● Supplied entries
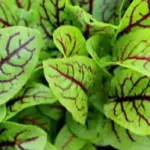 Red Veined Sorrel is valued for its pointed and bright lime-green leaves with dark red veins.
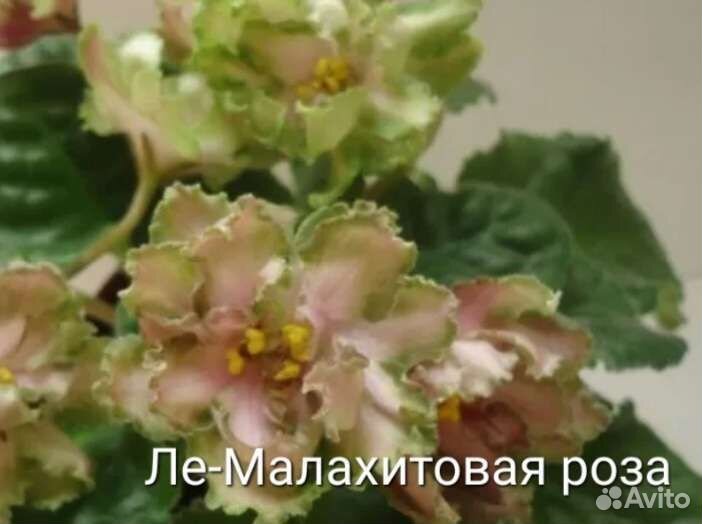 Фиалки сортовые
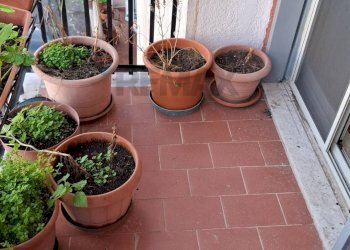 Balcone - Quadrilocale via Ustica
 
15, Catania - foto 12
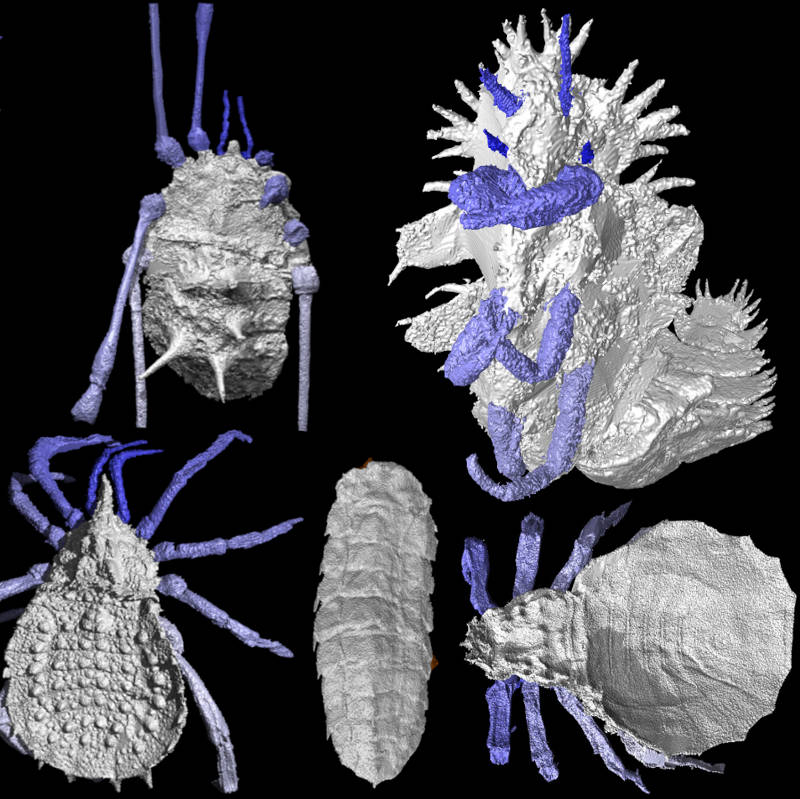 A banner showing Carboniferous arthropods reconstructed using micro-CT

...

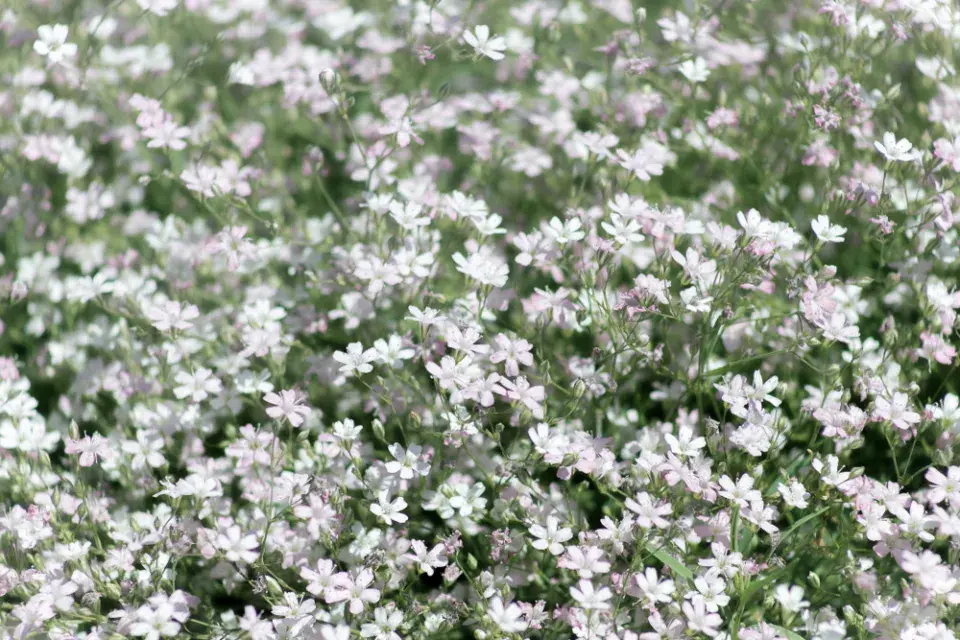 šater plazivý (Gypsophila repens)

● What the task asks
Only the lines between the one with "Red Veined Sorrel" and the one with "A banner showing", those two included, get copied from the material above. Keep it exact and free of pictures.

● Task solution
 Red Veined Sorrel is valued for its pointed and bright lime-green leaves with dark red veins.
 Фиалки сортовые
 Balcone - Quadrilocale via Ustica
 
15, Catania - foto 12
 A banner showing Carboniferous arthropods reconstructed using micro-CT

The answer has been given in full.